Beginning in the 1970's, which Turchin marks as the period where average US worker wages stagnated then declined, Hewlett-Packard, along with cuts in federal capital gains taxes, got the Venture Capital party started in what was then referred to for the first time as Silicon Valley. But in 1995, the VC party became a full on Rave with Netscape's IPO (Initial Public Offering)
Wikikpedia-Netscape On August 9, 1995, Netscape made an extremely successful IPO, only sixteen months after the company was formed. The stock was set to be offered at US$14 per share, but a last-minute decision doubled the initial offering to US$28 per share. The stock's value soared to US$75 during the first day of trading, nearly a record for first-day gain. The stock closed at US$58.25, which gave Netscape a market value of US$2.9 billion.

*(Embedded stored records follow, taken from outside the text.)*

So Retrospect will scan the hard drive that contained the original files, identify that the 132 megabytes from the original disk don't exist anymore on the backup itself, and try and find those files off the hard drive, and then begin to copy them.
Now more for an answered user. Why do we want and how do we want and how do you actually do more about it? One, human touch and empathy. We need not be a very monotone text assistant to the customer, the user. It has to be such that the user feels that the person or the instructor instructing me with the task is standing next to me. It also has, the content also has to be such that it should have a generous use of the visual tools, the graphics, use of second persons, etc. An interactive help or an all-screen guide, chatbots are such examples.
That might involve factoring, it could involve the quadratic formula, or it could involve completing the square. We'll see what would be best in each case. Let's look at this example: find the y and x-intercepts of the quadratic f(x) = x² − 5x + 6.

While it was somewhat unusual for a company to go public prior to becoming profitable, Netscape's revenues had, in fact, doubled every quarter in 1995. The success of this IPO subsequently inspired the use of the term "Netscape moment" to describe a high-visibility IPO that signals the dawn of a new industry...The IPO also helped kickstart widespread investment in internet companies that created the dot-com bubble.
The resulting dot-com bubble mentioned in this excerpt is a notable example of another power "pumping" strategy, sometimes called "pump and dump", where Venture Capital finances and heavily promotes an often shaky business model all the way to a thoroughly hyped IPO, then sells before the stock price falls for retail investors.

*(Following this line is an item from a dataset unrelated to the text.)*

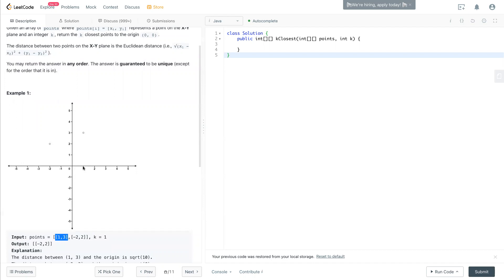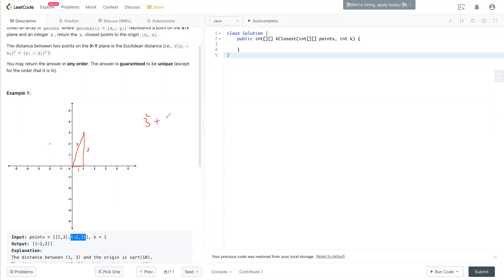So on the map, 1 is right here, 3 is right here, so the first point is here. To calculate the distance to the origin — origin is 0,0 on the map — we use 3 squared plus 1 squared, and the square root of that sum is the length of the distance.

At this point, though, with so much wealth amassed at the top, public trading is just too tedious for the Captains of Venture Capital. By focusing solely on Private Equity, they now invite only the worthiest "power players" to a gaming platform from which to truly rule in a Winners Take All finale. As Supervisor Vallie Brown foreshadowed in the earlier KQED quote: "They got to decide what was important and how they were going to benefit the community...they came in and said, 'This is what we're going to do.' "

As part of its latest image enhancement effort, City officials adopted an ad campaign that itself is stirring controversy and even confusion. San Francisco Has a New Slogan, and Not Everyone Is a Fan.

Its theme revolves around the slogan, It All Starts Here SF and, in an interesting coincidence, it launched just a few days before the New Yorker story, cited earlier. That slogan, it turns out, is a good fit for underlining the national fear described in the article. "In San Francisco, the nation saw its dreams, and now it thinks it sees its nightmares."

So, is San Francisco on the verge of a doom loop collapse? No one really knows. But it's worth noting that one of the loudest voices promoting the City's "post-apocalyptic" scenario now occupies a prominent Market Street address (rent free it seems) made possible through the Twitter Tax Cut.

Meanwhile, down in Atherton, the luckiest conehead on Earth spews polemics like the Techno-Optimists Manifesto (Better called the Techno-Opportunists Playbook) from his conscience-free cranium. Unfortunately, San Francisco seems all too eager to once again twist its outstanding potential into a toady role, heavily touting Artificial Intelligence (AI) as its next big impact on our digitally circumscribed  lives.

In land area, San Francisco is actually quite small which could make it an ideal candidate for a this newfound savior: AI as the Ultimate Security Solution - The City as Gated Community! Relentlessly patrolled by darling droids! How safe will that be!

On the other hand, there could be a quake.